大学本部のある福岡県・苅田町は、昨年三月に北九州空港が開港し、日産自動車九州工場に加えて、トヨタ自動車九州のエンジン工場が進出するなど大きな変化がありました。また、本学は、ものをつくる立場からの「工学部」の他に、使用者の視点からのものづくりのための「デザイン学部」を新たに北九州市に発足させました。材料はいろいろ揃いましたので、本学を発展させるには、これらをどう調理し、味を付けるかがこれからの仕事です。
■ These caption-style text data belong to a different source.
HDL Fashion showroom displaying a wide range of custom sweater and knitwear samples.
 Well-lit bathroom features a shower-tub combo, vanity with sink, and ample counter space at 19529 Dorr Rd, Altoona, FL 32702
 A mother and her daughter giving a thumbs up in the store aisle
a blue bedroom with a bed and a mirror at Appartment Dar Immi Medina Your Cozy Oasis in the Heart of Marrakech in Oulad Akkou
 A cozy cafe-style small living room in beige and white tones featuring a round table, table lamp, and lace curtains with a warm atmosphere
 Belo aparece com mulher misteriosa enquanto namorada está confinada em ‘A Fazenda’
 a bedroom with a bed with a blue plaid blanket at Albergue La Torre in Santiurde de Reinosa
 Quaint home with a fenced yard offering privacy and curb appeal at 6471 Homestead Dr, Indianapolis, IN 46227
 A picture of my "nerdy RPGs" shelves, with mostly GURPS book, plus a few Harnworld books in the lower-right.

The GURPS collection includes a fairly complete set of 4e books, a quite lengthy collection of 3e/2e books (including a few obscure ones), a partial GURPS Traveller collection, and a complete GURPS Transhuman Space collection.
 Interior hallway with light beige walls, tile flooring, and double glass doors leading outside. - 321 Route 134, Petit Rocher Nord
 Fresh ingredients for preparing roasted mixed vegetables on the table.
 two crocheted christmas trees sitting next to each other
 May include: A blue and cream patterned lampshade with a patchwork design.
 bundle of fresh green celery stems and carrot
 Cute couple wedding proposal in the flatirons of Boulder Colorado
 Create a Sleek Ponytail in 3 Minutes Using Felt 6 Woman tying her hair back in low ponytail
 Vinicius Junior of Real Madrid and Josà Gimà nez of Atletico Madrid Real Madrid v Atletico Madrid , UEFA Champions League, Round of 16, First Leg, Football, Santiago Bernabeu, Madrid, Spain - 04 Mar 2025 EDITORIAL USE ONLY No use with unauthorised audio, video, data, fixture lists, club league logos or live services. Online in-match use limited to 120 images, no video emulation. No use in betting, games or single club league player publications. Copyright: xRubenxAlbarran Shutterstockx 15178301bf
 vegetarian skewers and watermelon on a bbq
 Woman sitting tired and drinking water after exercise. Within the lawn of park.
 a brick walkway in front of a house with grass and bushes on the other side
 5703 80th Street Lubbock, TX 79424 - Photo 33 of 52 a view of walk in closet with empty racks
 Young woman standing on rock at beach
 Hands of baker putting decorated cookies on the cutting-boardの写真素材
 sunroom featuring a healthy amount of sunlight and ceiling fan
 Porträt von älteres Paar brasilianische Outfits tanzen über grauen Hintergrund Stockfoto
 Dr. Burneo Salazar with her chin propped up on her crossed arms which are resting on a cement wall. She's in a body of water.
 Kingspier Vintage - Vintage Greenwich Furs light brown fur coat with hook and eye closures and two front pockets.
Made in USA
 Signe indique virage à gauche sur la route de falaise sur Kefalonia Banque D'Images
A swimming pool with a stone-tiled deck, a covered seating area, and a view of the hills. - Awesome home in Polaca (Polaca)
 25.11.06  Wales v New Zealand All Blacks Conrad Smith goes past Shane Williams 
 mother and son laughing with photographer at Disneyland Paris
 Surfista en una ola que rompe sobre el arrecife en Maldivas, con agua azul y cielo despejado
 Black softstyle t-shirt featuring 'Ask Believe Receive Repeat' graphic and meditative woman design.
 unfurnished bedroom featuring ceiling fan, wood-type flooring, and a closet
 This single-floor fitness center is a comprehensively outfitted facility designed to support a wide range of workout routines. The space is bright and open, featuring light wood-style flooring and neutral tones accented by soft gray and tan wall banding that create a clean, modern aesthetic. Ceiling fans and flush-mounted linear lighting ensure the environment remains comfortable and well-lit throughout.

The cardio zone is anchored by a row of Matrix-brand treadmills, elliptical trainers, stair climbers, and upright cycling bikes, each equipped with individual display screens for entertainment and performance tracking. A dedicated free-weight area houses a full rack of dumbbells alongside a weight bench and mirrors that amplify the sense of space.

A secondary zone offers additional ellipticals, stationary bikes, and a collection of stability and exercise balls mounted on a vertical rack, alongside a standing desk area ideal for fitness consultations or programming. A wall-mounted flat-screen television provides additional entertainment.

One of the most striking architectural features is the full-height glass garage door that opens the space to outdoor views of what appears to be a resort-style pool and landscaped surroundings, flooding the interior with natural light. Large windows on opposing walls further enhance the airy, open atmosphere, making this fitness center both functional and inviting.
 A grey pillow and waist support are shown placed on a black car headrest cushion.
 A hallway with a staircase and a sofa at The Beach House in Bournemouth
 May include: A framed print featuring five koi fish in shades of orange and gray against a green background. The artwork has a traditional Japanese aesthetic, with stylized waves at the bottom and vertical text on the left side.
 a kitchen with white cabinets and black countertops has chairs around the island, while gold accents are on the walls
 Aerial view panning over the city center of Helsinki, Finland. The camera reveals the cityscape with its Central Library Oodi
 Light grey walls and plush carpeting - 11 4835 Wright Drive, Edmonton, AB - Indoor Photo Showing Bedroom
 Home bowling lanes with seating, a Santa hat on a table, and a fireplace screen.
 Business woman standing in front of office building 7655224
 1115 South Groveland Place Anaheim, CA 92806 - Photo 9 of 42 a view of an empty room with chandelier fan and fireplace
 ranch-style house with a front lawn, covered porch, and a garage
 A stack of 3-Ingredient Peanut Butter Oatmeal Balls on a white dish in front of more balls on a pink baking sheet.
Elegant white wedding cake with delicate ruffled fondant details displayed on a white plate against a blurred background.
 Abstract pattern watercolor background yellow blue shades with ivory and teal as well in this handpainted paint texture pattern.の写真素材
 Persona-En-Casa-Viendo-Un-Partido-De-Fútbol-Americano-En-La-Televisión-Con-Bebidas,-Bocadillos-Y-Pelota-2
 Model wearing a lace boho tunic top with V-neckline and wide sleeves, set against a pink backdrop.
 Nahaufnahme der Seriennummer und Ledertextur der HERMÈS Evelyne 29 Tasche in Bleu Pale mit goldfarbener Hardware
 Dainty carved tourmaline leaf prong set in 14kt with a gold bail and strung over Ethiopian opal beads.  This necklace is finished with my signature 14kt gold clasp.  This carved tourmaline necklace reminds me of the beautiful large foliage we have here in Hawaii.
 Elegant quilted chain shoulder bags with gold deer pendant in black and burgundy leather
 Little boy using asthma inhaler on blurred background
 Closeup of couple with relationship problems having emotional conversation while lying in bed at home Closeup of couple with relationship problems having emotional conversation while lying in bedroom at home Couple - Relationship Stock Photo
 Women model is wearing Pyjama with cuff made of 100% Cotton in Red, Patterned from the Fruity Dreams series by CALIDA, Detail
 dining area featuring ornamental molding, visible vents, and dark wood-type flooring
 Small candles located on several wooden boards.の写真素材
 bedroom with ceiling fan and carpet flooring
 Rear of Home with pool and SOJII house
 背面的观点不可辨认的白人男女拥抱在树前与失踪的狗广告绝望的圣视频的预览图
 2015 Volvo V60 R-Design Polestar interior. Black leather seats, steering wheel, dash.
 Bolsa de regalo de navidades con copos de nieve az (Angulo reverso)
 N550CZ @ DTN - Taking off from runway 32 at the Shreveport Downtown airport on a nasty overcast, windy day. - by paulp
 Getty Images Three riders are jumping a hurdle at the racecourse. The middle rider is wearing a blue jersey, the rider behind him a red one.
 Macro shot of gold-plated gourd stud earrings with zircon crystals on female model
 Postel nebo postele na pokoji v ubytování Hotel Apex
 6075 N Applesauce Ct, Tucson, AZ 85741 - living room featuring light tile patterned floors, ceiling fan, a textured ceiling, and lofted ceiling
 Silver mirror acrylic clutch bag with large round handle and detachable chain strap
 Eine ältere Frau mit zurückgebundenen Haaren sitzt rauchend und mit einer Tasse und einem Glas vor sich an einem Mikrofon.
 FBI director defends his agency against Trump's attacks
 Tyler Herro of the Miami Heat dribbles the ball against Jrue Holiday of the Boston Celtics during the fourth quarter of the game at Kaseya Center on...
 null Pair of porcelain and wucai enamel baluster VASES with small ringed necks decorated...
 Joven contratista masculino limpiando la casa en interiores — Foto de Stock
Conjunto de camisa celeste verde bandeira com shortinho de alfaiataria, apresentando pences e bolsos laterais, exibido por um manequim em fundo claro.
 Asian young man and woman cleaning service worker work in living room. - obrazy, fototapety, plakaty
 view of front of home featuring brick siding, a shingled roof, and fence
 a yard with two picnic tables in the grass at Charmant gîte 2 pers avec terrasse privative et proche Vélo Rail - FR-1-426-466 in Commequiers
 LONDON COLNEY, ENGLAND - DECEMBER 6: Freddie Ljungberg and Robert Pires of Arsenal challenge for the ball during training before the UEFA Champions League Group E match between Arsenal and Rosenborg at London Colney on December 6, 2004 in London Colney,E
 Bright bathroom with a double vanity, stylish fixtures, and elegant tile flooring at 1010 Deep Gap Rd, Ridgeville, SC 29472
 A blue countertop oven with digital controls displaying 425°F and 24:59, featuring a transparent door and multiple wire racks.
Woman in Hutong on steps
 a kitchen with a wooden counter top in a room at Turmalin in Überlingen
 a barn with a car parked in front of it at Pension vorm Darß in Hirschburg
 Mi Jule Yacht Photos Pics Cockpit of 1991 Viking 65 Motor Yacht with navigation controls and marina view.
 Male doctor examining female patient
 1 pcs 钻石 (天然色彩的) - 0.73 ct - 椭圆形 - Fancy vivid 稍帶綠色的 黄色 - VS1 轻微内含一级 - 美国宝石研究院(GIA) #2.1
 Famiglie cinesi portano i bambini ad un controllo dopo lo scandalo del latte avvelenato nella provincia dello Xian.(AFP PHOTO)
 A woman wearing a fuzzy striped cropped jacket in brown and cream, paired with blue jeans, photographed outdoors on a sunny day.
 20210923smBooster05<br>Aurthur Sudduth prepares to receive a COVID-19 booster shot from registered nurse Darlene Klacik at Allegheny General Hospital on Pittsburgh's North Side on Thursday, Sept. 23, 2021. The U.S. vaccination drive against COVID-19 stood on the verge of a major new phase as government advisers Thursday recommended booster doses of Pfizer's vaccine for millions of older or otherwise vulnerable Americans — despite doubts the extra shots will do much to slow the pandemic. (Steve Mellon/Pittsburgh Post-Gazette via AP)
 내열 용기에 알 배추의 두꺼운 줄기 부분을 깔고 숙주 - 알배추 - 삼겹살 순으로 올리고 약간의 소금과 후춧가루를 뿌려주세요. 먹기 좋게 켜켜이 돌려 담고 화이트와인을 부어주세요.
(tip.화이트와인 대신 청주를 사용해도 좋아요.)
さて、私の六年生時代の通信簿を見つけた娘が、「お父さん、栄養要注意と書いてあるよ」と驚いていました。海外から着の身着のままで帰国した昭和二十一年は、私どもだけでなく多くの人々にとって、現在の若者には想像もできないような飢えの時代でした。入学も卒業も国民学校で、中学は新制中学一期生の私たちの世代は、これ以上ないのではないかと思われるほど、時代の変化にもまれてきました。自分たちが杉皮を町有林から運び出してつくった中学校は早々に廃校となり、高等学校までもがこの三月で消えてしまいます。卒業した中学校も高校もなくなるのはとても寂しいのですが、おかげさまでと言うのも変ですが、少々の時代の変化や社会情勢の変化には驚かなくなりました。
今の社会を見ていますと、平和な時代が続き過ぎたせいか、たくましさの足りない若者が増えたように思われます。また、何でも人のせいにして、自分で問題を乗り越えようとしていません。大学の教育改革も同じなのかもしれません。時代の変化や進歩に合わせて、教育方法や内容を変えなければならないのはわかっていても、変化に対して不安を感じるのか、思うようになかなか変革が進まないのが実情です。
それにもまして問題なのは、出口の需要は旺盛なのに、工学系の志願者が激減していることです。技術立国以外に生きる道がないわが国で、優秀な若者に工学がそっぽを向かれるのは由々しき問題です。科学技術の楽しさ、困難を乗り越えて新しいものを作り出したときの達成感など、銭金だけでない人生の価値観なども伝えなければならないと考えています。
亥年だと言っても猪突猛進せず、一歩一歩確実に改革を進めていかなければと心を引き締めています。